Cruel Futures

by Major Jackson

In Carmen Giménez Smith’s Cruel Futures, it’s clear she is not interested in the kind of static attention one associates with William Wordsworth’s definition of poetry as “emotion recollected in tranquillity.” Instead Giménez Smith has places to go and then to take off from again, in the form, mainly, of social and political critiques. “I’m a receptacle / disguised as a person—but still, technically, / a person. The dog was Platonic / in his cuteness, was a figure / in discourse, yet still just a shadow / of the diligent mind I once was, / dense with memes and laments.” Although her poems achieve a certain velocity, she still manages to delve into volcanic meaning and bask in the mirror of self-reflection. “I’m driven by envy, / and gluttony, the desire to consume better / than anyone else.” To truly relish her talent is to understand her intellect as one of those plasma balls that lights up with bolts of electricity when one’s hand touches it.

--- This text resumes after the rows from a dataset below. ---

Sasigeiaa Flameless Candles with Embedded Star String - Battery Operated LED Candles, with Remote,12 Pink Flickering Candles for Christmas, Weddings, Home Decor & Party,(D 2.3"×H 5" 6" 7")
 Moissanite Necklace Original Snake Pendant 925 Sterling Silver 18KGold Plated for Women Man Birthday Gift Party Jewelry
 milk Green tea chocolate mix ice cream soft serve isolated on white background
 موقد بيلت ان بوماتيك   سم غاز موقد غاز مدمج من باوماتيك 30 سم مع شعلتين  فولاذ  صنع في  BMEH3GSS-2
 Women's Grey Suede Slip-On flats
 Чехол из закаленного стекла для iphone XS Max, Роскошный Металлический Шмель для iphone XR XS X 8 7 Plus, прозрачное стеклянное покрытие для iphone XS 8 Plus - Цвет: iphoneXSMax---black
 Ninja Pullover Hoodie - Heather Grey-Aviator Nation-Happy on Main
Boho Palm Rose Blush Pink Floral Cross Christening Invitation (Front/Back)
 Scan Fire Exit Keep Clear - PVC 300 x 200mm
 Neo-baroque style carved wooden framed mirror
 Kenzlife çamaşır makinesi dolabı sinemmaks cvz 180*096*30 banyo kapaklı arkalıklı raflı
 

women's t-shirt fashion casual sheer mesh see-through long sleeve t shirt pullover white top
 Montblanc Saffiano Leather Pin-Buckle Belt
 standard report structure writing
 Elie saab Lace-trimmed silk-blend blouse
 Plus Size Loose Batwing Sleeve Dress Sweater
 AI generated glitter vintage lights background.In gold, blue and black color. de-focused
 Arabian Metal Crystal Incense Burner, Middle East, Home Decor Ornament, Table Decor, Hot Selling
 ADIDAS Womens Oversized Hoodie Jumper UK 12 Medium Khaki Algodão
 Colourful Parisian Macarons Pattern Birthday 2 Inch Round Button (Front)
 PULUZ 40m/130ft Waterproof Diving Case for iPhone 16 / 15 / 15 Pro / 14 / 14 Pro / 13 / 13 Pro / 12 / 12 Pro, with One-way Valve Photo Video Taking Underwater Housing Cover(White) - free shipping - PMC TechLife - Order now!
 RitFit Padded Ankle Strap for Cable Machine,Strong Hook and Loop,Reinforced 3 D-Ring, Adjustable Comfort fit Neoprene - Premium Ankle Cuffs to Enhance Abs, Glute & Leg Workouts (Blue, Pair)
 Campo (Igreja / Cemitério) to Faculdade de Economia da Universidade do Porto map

The speakers in her poems are charming, self-deprecating, humorous, and awed, especially when they portray what life is like as a mother, a wife, an artist, and a consumer of popular culture and literature: “My petty Madame Bovarian despair is at the core of all my watching!” Because Giménez Smith experiments with a thicker set of references and inferential imagery than most, poems such as “Of Property,” “As Body,” and “Ravers Having Babies” seem to outpace whatever triggered their origin, and she almost always arrives at pure lyric possession: “I’d like / to begin loading this heteroglossia / with more brutality, but I keep finding / a new pith: make it even realer.”